Bip. Nah, terdengar lagi. Sopir mana sih yang seenak jidatnya memencet klakson? Dalam lalu lintas yang nggak macet kayak gini? Bip. Bip. Kini saya mulai tergangggu. Bip. Kenapa suaranya terdengar selalu dekat? Kayak menguntit. Gawai saya abaikan sepenuhnya. Saya mengamati sekeliling saya dan ya ampun, ternyata yang mengklakson dari tadi adalah sopir saya! Bip! Nah, dia melakukannya lagi.
Mendadak saya jadi malu. Walau itu bukan perbuatan saya, saya langsung nuduh orang lainlah penyebabnya. Duh, inilah kebiasaan jelek kita (eh saya). Kalau ada gangguan, kita cenderung ‘otomatis’ menganggap orang lain penyebabnya.
Baca juga: Happy Shopping, Mommies
Ada asap mengganggu? Tetangga tuh yang bakar sampah. BUKAN saya.
Berisik? Tetangga emang bebal, dikiranya cuma dia yang punya kuping.
Got mampet? Grrrkkkhh, ini orang-orang pada sekolah nggak, sih? Kok nggak bisa membedakan antara got dan tempat sampah.

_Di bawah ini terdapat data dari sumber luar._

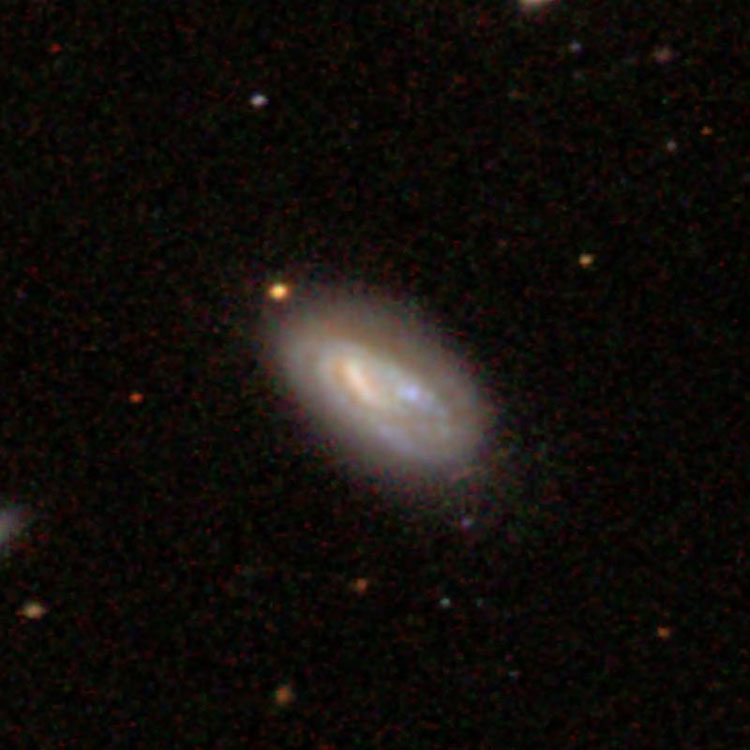 SDSS image of spiral galaxy NGC 652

Saya? Saya nggak bersalah, dong. Memangnya apa salah saya? Saya nggak ikut bakar sampah. Saya nggak ikut berisik. Saya nggak ikut mampetin got.
Eh. Atau iya?
Saya pernah mendengar ungkapan begini, “Yang biasanya mengeluhkan kemacetan adalah orang yang naik mobil.” Artinya, kita menyumpahserapi kepadatan jalan, tapi kita nyumbang pada kepadatan itu juga. Orang-orang yang nggak bepergian atau orang desa yang ke mana-mana naik sepeda ontel mah nggak pernah mengutuk jalanan.

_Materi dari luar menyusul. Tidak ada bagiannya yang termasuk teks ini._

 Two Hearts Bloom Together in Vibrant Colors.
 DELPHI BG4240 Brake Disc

Saya mungkin nggak pernah membuang sampah ke got, tetapi ke mana sampah-sampah plastik yang sebagian saya masukkan bank sampah dan sebagian saya serahkan pada tukang sampah? Saya nggak pernah yakin mereka berakhir di mana. Kalau tetangga-tetangga pada buang sampah di got, sebentar… mungkin karena mereka tidak memiliki kesadaran soal lingkungan. Sementara saya, yang punya sedikit (beneran dikit) kesadaran nggak mau repot-repot menularkannya.

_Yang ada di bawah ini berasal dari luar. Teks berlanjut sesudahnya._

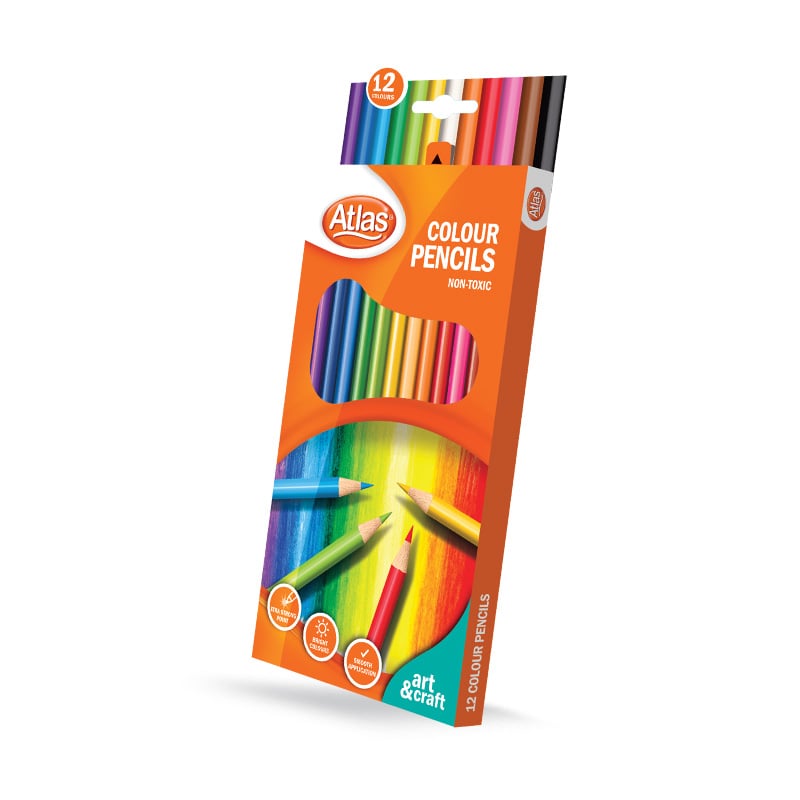 Atlas Colour pencil 12 Colours Atlas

Di media sosial, ironi-ironi seperti ini gampang banget kita temukan. Banyak akun-akun yang menuduh orang lain sebagai penyebab masalah, entah itu banjir atau kenaikan harga sayur mayur, tetapi setelah ditelusuri ternyata pemilik akun tersebut juga sama (atau malah lebih parah) kelakuannya. Banyak orang nyinyir terhadap prestasi orang lain, sementara pretasi dia ya cuma juara lomba nyinyir itu. Tak ketinggalan orang-orang yang mengatai tampang orang lain jelek, terlalu item lah, terlalu gendut lah, terlalu kerempeng lah, sementara belum tentu si penghina punya tubuh yang lebih sempurna.
Teman saya yang kebetulan bekerja di bank bagian kartu kredit bilang begini, “Banyak pemegang kartu kredit yang marah-marah ke bank setelah mereka kena denda banyak banget. Bilang bank kejam lah, nggak adil, bla bla bla. Tetapi, sebenarnya pola konsumsi merekalah yang menyebabkan mereka terperosok. Beli barang branded, traveling ke mana-mana, tapi lupa kalau semuanya pakai utang yang kudu dibayar.” Hadeh.
Mungkin sudah insting manusia untuk melempar kesalahan orang lain mungkin agar kita bebas dari rasa bersalah atau paling tidak merasa (merasa aja) lebih hebat daripada orang lain. Tapi, kan ya halu banget jadinya. Wong kenyataannya kita nggak lebih baik. Wong kenyataannya kita juga sumber masalah. “Biiiipppp. Woy, jangan main main klakson woy. Biiiiiipppp.”